The federal opposition has pledged to make unfair terms within standard form contracts issued to SMEs illegal if it wins power, ramping up the existing law by imposing fines of up to $10 million on corporate Australia.
Labor issued a statement announcing that, if it wins this year’s election, it will act on recommendations from the ACCC and make unfair terms illegal and impose the hefty penalties for larger businesses incorporating them into contracts with SME suppliers.
The statement was jointly issued by Shadow Minister for Small Business Chris Bowen (pictured), Shadow Assistant Minister for Small Business Madeleine King, and Shadow Minister for Competition and Productivity Andrew Leigh.
“Australia’s current laws aren’t tough enough. While contract terms that unfairly exploit a power imbalance between the two parties can be voided by a court, there’s no punishment for the entity exploiting its market power,” the statement said.
“This means there’s nothing discouraging the big end of town from pushing smaller dependent firms to sign onto unfair arrangements.
“The Australian Competition and Consumer Commission has previously stated that making unfair contract terms illegal ‘would act as a better deterrent.
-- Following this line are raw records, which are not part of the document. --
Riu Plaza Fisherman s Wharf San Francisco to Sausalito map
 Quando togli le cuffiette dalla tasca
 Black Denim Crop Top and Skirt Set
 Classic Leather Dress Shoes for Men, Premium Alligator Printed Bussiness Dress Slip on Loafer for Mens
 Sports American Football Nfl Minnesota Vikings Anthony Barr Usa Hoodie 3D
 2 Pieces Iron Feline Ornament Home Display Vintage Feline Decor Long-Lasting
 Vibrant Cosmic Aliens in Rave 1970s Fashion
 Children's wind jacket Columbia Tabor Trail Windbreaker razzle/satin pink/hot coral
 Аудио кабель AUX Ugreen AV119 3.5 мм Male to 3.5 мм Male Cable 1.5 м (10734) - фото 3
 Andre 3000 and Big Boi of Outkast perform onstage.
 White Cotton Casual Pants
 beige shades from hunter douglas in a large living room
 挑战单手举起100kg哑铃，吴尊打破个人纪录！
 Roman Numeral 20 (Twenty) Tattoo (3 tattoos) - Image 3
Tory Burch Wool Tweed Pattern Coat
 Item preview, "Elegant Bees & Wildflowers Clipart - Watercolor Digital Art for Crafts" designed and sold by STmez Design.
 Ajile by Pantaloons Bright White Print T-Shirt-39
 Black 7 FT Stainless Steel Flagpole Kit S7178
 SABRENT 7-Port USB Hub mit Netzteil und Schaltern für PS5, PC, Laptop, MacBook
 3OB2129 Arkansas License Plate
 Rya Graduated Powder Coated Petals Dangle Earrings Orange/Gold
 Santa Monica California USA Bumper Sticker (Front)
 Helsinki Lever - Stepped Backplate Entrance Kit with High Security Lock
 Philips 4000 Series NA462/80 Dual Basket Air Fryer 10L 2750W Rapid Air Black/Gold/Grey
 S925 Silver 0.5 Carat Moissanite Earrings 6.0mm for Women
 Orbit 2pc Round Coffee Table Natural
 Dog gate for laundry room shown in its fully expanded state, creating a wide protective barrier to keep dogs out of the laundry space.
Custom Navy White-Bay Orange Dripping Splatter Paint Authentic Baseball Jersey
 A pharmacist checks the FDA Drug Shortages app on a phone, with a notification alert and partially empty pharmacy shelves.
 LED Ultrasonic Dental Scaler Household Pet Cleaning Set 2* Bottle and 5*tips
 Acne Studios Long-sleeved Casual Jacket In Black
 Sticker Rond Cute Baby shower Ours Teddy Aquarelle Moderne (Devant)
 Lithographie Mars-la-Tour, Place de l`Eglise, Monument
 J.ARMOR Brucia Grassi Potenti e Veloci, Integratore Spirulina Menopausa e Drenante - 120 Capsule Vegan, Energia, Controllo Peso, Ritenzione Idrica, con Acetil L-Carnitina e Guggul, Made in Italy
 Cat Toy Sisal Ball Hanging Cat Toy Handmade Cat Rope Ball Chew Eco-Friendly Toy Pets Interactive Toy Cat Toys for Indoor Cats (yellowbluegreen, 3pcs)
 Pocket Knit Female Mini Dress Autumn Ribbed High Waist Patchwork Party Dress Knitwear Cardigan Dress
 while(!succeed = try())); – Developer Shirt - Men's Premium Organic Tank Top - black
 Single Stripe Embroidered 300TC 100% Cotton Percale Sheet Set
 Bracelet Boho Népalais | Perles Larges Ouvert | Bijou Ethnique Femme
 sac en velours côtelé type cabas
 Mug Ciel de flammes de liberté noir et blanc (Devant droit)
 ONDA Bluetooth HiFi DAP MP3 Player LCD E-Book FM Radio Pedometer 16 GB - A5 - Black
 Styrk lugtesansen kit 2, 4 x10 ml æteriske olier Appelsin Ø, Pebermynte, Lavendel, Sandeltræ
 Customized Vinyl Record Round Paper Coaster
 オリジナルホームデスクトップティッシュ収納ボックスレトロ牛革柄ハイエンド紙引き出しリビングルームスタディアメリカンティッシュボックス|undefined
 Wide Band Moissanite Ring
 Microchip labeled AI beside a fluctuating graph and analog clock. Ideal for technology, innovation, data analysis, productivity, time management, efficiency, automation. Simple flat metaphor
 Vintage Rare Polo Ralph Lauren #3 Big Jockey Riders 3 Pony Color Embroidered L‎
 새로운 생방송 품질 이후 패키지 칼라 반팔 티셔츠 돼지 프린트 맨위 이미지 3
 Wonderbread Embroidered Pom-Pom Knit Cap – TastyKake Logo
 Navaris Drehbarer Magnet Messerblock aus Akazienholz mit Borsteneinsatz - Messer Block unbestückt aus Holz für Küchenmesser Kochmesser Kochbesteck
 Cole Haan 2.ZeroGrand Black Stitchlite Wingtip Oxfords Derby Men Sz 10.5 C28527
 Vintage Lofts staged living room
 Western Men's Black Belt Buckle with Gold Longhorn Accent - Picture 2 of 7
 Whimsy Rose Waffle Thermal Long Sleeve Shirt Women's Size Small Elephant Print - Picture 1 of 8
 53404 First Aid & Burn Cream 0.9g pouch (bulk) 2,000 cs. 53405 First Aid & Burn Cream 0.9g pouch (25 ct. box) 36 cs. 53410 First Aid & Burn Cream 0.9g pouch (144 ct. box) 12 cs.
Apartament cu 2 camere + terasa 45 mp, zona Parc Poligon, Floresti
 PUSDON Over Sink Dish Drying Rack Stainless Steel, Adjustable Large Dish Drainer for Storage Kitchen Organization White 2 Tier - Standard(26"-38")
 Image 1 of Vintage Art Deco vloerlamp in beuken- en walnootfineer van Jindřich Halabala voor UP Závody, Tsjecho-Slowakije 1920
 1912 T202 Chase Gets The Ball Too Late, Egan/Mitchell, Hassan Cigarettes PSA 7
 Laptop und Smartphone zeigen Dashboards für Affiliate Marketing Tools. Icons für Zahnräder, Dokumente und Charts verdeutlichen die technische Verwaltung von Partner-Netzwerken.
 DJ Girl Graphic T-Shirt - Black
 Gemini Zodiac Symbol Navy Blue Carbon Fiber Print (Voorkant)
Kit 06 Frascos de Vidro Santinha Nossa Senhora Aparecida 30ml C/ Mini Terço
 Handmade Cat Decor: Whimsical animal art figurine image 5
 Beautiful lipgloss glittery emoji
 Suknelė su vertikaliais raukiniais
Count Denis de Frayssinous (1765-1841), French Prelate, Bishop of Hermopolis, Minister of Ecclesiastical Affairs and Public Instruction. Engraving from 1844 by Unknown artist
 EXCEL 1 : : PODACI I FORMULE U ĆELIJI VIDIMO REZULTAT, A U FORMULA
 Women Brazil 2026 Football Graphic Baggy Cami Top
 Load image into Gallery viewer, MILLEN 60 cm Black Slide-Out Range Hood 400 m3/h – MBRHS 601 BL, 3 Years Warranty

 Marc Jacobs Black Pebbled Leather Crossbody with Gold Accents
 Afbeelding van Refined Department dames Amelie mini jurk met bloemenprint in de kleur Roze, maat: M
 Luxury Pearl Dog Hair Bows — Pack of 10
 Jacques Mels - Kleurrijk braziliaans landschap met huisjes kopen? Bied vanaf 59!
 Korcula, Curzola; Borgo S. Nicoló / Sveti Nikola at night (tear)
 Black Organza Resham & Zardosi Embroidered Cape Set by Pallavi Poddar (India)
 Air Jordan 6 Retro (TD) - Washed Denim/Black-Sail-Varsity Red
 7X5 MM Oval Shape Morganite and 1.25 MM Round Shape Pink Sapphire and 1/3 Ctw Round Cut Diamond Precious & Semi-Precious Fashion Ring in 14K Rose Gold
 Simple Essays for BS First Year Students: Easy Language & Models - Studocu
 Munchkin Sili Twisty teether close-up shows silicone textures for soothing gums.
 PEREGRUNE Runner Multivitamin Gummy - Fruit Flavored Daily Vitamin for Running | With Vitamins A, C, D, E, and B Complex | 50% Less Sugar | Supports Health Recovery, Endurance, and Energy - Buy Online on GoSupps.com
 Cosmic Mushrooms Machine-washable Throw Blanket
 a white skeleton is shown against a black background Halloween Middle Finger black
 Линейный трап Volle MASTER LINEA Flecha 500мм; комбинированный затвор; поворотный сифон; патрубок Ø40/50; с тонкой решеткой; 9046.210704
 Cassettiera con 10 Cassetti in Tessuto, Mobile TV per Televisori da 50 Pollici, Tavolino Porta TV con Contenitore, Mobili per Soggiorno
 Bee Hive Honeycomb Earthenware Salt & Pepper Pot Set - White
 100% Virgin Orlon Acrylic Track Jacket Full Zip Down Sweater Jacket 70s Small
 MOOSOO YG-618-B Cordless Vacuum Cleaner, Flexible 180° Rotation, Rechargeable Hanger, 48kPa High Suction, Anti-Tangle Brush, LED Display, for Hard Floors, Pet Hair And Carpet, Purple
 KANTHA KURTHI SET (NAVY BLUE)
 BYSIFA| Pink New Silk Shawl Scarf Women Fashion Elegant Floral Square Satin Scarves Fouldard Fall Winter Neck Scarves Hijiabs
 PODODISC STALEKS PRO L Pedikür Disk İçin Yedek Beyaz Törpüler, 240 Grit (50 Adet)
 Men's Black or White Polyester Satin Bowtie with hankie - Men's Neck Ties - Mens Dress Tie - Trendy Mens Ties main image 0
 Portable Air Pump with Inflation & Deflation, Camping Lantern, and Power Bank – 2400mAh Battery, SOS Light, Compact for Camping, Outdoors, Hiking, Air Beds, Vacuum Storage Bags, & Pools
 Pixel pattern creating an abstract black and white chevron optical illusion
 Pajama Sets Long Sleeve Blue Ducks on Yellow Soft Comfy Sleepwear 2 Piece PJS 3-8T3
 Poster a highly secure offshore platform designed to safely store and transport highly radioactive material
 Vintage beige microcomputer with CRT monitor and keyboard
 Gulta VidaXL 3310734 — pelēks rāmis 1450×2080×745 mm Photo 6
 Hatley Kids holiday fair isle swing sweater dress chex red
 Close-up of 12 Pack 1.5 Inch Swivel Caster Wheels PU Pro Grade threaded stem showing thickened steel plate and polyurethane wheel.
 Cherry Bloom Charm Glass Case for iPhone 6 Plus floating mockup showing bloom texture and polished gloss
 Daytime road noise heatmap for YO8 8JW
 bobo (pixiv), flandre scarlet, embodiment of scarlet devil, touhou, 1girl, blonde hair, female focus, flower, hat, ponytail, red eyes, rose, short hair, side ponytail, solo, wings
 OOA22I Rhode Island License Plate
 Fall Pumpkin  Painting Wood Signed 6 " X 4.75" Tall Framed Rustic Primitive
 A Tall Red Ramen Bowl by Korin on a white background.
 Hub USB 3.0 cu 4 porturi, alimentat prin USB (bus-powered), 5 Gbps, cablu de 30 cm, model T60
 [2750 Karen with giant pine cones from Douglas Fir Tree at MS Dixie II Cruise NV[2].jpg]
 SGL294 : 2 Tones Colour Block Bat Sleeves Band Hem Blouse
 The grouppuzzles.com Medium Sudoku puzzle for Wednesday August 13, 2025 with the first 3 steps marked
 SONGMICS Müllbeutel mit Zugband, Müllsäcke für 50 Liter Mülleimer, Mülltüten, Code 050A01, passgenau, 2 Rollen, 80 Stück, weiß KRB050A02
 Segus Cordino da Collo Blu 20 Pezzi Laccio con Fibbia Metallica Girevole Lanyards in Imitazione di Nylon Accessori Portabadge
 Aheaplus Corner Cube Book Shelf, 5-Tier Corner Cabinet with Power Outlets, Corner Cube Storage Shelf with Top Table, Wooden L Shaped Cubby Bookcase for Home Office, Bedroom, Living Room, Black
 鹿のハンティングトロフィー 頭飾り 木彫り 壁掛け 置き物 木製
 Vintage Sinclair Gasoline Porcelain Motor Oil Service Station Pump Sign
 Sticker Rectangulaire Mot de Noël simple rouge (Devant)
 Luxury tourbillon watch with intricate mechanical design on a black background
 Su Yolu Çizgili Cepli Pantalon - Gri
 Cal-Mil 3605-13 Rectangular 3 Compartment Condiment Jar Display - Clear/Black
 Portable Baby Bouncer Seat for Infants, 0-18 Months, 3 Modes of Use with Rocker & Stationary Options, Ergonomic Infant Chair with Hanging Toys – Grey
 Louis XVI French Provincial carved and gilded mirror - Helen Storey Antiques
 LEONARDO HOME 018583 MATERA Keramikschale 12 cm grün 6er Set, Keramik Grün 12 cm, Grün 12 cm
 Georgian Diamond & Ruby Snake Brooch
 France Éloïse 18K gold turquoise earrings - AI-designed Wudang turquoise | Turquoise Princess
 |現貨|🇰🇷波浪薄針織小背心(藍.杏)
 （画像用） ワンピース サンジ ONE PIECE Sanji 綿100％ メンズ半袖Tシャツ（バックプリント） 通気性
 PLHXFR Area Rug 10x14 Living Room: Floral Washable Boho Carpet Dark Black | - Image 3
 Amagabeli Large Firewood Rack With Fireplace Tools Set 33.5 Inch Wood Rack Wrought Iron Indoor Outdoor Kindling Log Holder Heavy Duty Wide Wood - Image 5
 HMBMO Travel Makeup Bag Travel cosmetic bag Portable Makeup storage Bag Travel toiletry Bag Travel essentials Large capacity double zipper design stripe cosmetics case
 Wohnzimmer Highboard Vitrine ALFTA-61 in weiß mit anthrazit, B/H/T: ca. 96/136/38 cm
In the ACCC’s view, currently there is minimal incentive for businesses to comply with [unfair contract term] laws’.”
Under the plan, unfair terms and unfair contracts would be illegal to issue or enforce, the definition of small business would be expanded to cover more SMEs, and companies found to have breached the law would face hefty financial penalties.
The exact “extended” definition of small business was not disclosed.
“Australia’s small businesses need smart reforms to ensure that they aren’t pushed around by the big guys,” the statement said.
The ACCC has long criticised the current laws as being ineffective, given that contract terms can only be deemed unfair by a court and, even when proven, simply strike down the terms rather than attract penalties.
In October, the federal government announced that it would give the ACCC and ASIC greater powers to investigate the fairness of standard form contracts, largely aimed at consumer protections, but stopped short of criminalising unfair contracts or introducing penalties.
Kate Carnell, the Australian Small Business and Family Enterprise Ombudsman (ASBFEO), said that such a move would be “a major improvement in protecting small businesses”.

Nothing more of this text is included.